Last Monday, I was feeling particularly vulnerable after having felt somewhat unmoored all weekend. I was not able to find the emotional grounding and connection that I usually had been able to find in the situation I was in, and my distress kept building upon itself despite my best efforts to soothe myself with music or self-talk. I just needed to be heard by somebody, but I was aware of how much effort it took to connect with me and so let my desire not to be a burden supercede my need to connect. Maybe it's what I should have done, I still don't know. I just know I have to find ways to connect with people that are not so time consuming and difficult for the other person, because the ways I have are not maintainable, not self-sustaining, whatever. The level of connection I require to feel heard is nice when you can get it but not realistic for most people to have. I have to somehow find shortcuts. I have to learn how people connect with others, because most people seem to use verbal shortcuts, or maybe nonverbal language or physical intimacy of some kind to fill their need for this kind of connection, and I'm only able to do it with long, intense, rambling discourse. There is a time and a place for that but how do I develop ways to feel connected with others even when not in the midst of these discussions? How do I develop object permanance? These are the questions rambling around my brain tonight.

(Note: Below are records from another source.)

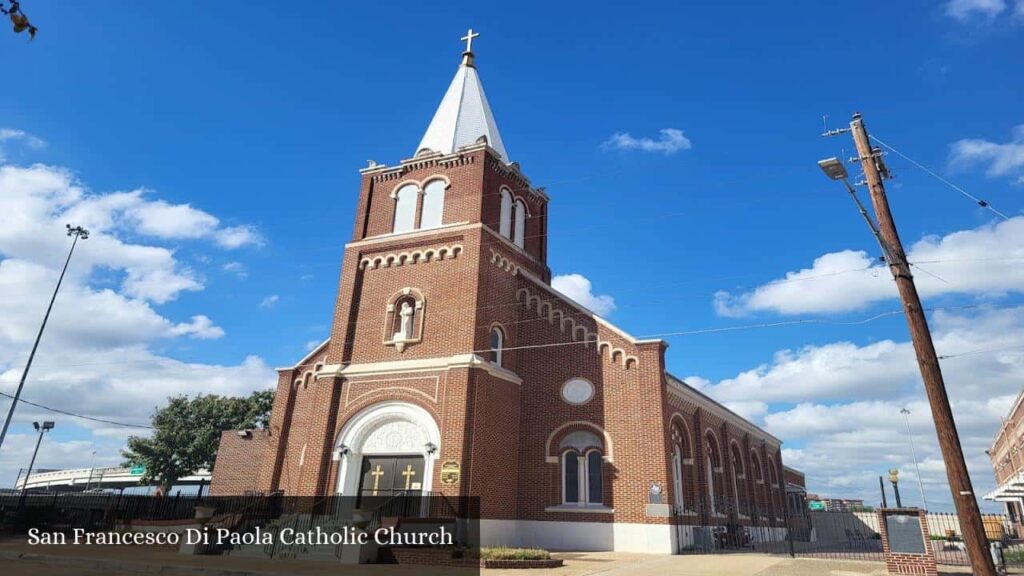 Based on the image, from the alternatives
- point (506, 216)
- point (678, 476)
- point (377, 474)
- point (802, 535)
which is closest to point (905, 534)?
point (678, 476)

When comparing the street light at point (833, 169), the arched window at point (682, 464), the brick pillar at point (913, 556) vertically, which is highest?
the street light at point (833, 169)

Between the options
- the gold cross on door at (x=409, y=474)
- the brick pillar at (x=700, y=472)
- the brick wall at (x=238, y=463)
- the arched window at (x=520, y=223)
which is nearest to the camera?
the gold cross on door at (x=409, y=474)

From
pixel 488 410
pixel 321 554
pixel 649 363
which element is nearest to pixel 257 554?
pixel 321 554

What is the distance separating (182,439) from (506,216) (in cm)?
3399

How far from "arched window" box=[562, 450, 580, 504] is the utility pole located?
1405 cm

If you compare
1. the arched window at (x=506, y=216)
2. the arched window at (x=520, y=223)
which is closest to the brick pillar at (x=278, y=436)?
the arched window at (x=506, y=216)

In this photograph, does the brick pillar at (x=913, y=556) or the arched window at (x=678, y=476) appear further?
the arched window at (x=678, y=476)

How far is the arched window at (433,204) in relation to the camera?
86.4 feet

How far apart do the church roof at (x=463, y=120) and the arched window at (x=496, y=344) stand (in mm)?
8441

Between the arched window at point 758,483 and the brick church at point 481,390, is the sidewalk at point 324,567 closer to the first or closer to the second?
the brick church at point 481,390

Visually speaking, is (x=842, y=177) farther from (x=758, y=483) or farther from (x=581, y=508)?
(x=758, y=483)

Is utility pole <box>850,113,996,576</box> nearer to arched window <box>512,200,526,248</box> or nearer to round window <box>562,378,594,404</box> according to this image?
round window <box>562,378,594,404</box>

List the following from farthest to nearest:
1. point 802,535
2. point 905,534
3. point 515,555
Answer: point 802,535 → point 515,555 → point 905,534

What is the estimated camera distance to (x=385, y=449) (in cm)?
2242
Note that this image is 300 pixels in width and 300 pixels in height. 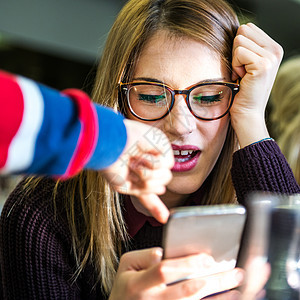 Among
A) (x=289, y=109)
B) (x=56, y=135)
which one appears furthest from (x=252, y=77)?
(x=289, y=109)

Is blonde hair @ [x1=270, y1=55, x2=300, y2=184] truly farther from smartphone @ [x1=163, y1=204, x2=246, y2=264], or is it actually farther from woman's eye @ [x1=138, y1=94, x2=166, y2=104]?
smartphone @ [x1=163, y1=204, x2=246, y2=264]

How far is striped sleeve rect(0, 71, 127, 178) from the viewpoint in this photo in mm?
362

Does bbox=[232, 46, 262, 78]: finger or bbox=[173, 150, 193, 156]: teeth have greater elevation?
bbox=[232, 46, 262, 78]: finger

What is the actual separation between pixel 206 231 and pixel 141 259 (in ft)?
0.30

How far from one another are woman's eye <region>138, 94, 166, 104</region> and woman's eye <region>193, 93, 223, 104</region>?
0.16ft

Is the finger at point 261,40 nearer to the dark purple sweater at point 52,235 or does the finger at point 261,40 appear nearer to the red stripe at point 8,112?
the dark purple sweater at point 52,235

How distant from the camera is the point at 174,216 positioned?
1.24 feet

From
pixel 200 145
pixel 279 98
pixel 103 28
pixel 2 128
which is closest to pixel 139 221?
pixel 200 145

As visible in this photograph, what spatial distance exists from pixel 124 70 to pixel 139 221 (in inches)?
10.5

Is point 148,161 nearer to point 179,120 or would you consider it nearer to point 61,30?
point 179,120

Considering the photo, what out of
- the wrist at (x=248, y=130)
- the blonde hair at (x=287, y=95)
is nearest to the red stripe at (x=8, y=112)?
the wrist at (x=248, y=130)

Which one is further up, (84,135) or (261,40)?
(261,40)

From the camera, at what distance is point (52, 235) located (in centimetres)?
75

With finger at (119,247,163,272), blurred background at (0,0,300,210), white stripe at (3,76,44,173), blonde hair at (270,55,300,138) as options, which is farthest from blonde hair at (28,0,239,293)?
blurred background at (0,0,300,210) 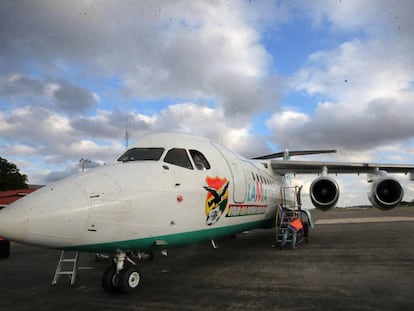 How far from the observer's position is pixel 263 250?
11266 mm

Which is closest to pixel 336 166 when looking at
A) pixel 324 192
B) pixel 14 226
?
pixel 324 192

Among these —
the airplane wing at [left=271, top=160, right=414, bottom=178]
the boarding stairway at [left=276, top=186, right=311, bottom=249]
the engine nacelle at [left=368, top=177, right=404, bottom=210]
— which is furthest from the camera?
the airplane wing at [left=271, top=160, right=414, bottom=178]

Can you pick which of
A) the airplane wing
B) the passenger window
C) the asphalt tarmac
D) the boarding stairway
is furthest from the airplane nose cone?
the airplane wing

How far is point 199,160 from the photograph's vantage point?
6.92 m

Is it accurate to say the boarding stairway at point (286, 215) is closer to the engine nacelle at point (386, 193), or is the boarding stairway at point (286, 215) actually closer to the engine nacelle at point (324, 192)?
the engine nacelle at point (324, 192)

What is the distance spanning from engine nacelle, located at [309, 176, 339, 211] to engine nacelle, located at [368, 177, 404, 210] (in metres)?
1.20

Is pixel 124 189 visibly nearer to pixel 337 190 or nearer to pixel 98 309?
pixel 98 309

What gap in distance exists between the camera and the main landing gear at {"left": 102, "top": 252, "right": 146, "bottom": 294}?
214 inches

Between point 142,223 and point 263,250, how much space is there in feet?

Someone today told me that if I am feeling calmer in myself I will be more able to take others in and feel their emotions - not feel so unmoored as a usual state of being. I agree. I had reached the same conclusion. But being calm for me is in large part a function of my physical environment. I can't feel calm if  my senses are under attack by loud music, smells, humidity, the feeling of my clothes on my body and so on. Most people do not understand these sensory issues and think they are a "preference." They do not seem to understand that my brain literally will not work right if subjected to them. They tell me to suck it up and be considerate of other people's needs. They give me the message that my needs are not worth accomodating. There is shame involved. All of this is not very conducive to being open to people's messages of caring, love or support. Yes, I realize that people can't always accomodate me, and I don't expect them to. But when it wouldn't put them out much to accomodate me, then it would be nice. Even if they could acknowledge as valid my difficult experience of whatever experience we are sharing, it would help silence the shame I always feel for experiencing it differently. People tell me constantly that my experience is different and imply "Well, this is how most people do it, so you better comply and start feeling it that way, or else just deal with it." Not going to happen. So then I get overloaded with not only the physical stimulus but the shame of being the only one to feel it that way, and it's usually the second one that makes me involuntarily start to cry. Crying is not a very good way to increase connection with others, I'll tell you that much. But it's one most people don't seem to understand I have no control over. Most people do not know how to offer support to someone who is crying, this much I will tell you for sure.

 My world is regulated largely through the consistency of music on the radio, since it's the only form of consistent emotional relatedness I can expect. I've just realized this recently. But I would love to have a human being that felt as dependable to me and as safe and supportive to me as the songs on the radio do. I hope to get there some day, hopefully sooner rather than later. I'd love to be able to trust people, to communicate with people without the barely disguised feeling that they are going to --unintentionally yes but still -- hurt me if I'm not  on guard. The first step to this is acknowledging it and trying to figure out how it came about. The second is probably putting yourself in situations that can challenge these beliefs. Maybe a healthy dose of patience? I don't know. But again... spur of the moment thoughts rattling around my head at 346am when I really should be asleep. Goodnight.